* Exercise
Set the listing down again exactly, please, apart from its pictures.

* Source material
§ §

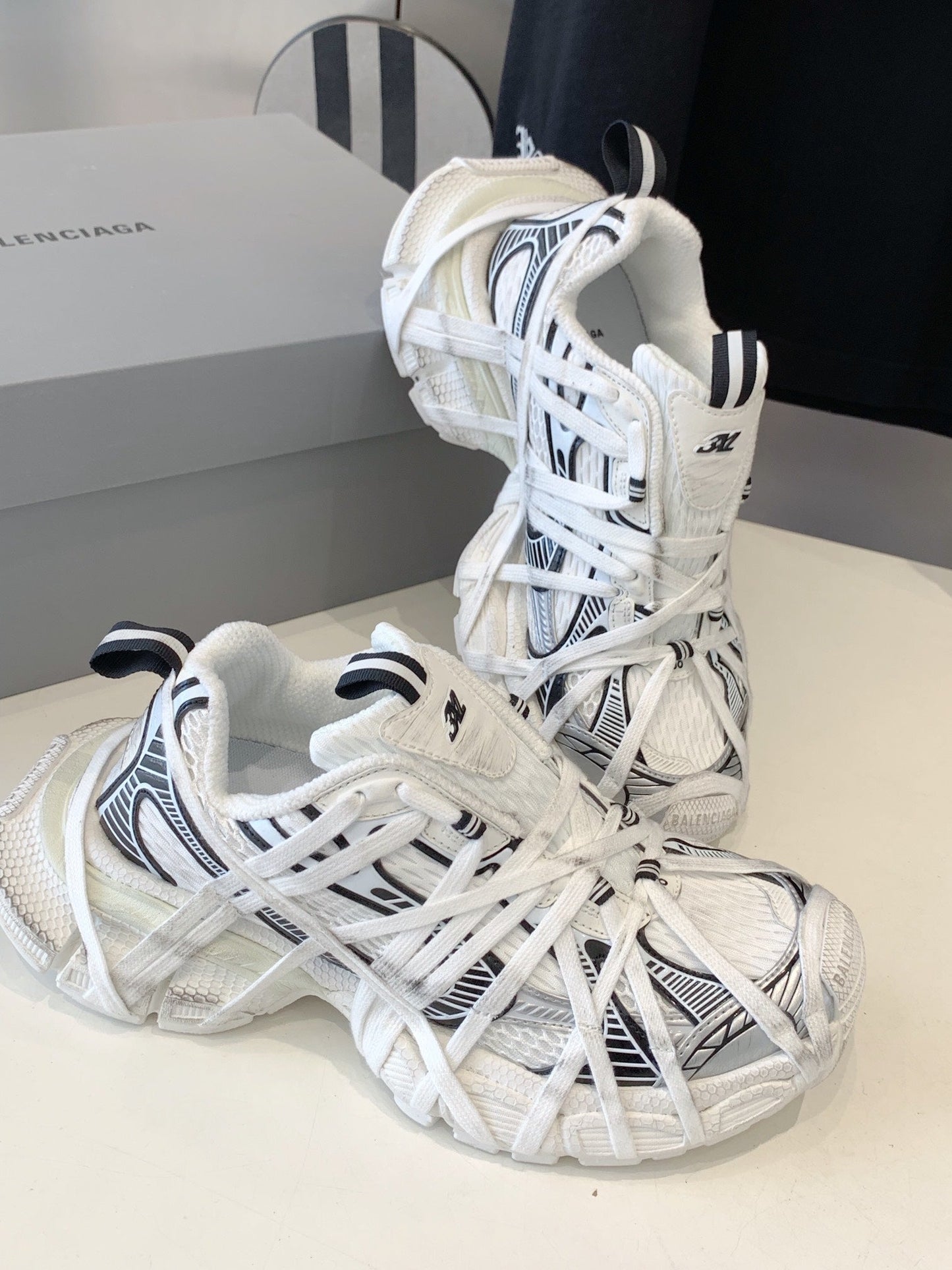 Balanciaga 3XL EXTREME LACE SNEAKER WHITE AND SILVER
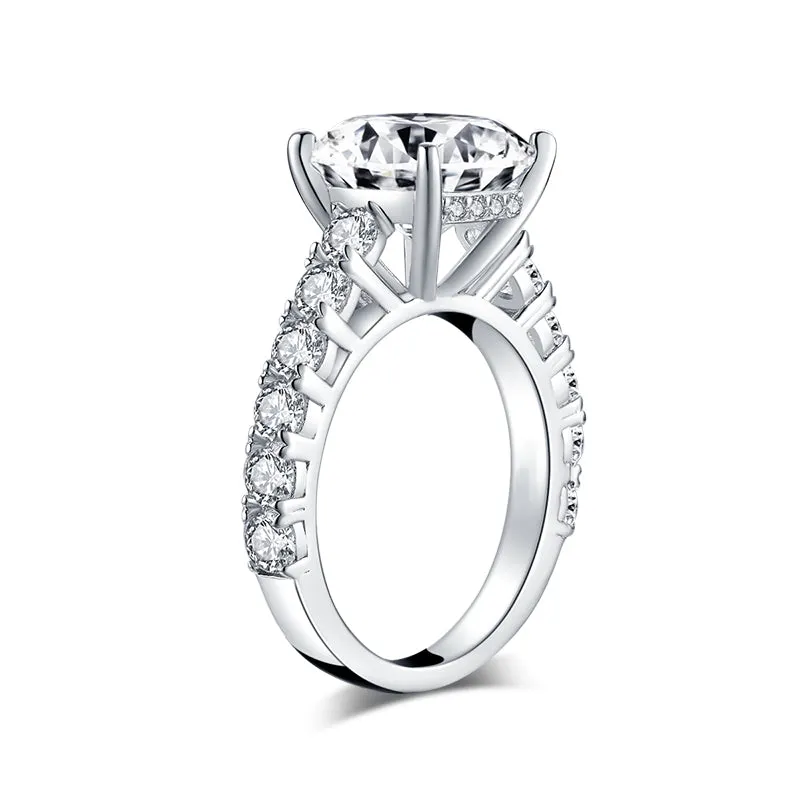 Cushion Cut Moissanite Diamond Ring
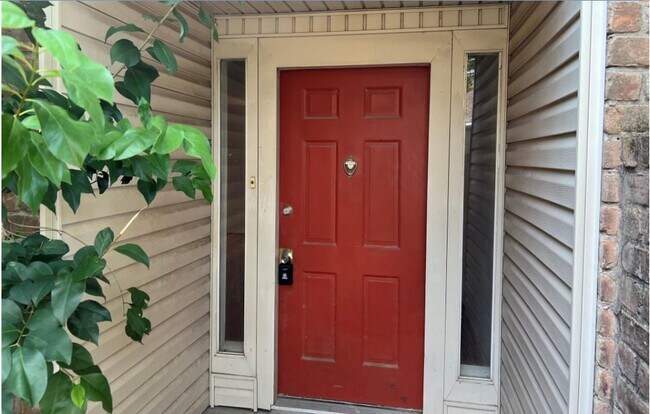 9146 Wilcrest Dr in Houston, TX - Building Photo - Building Photo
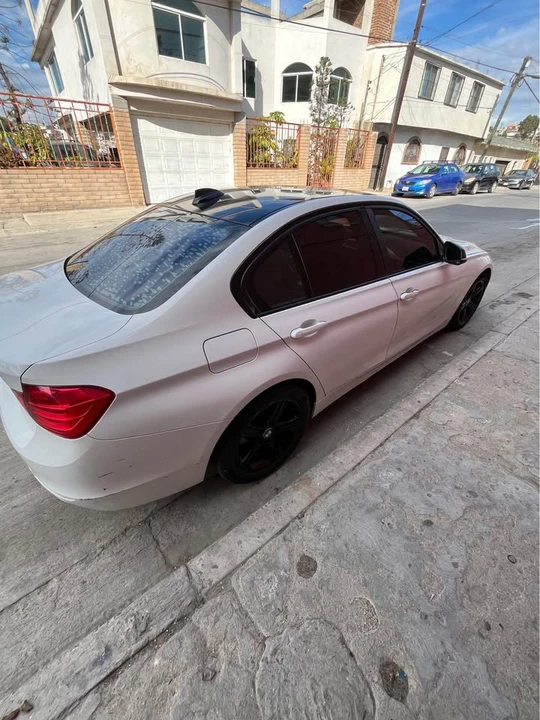 2013 BMW 3 Series - Image 3 of 6
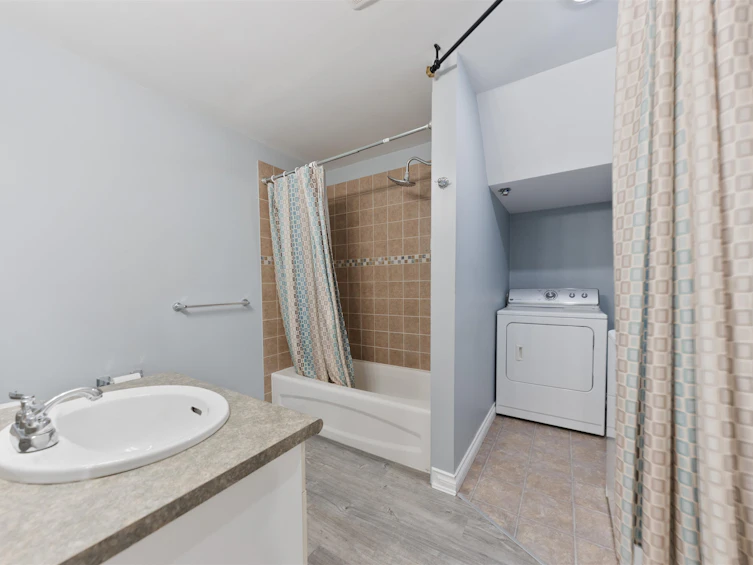19099 68 Avenue, Surrey, BC, V4N 5P3 - 31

§ §

* Written solution
 Balanciaga 3XL EXTREME LACE SNEAKER WHITE AND SILVER
 Cushion Cut Moissanite Diamond Ring
 9146 Wilcrest Dr in Houston, TX - Building Photo - Building Photo
 2013 BMW 3 Series - Image 3 of 6
19099 68 Avenue, Surrey, BC, V4N 5P3 - 31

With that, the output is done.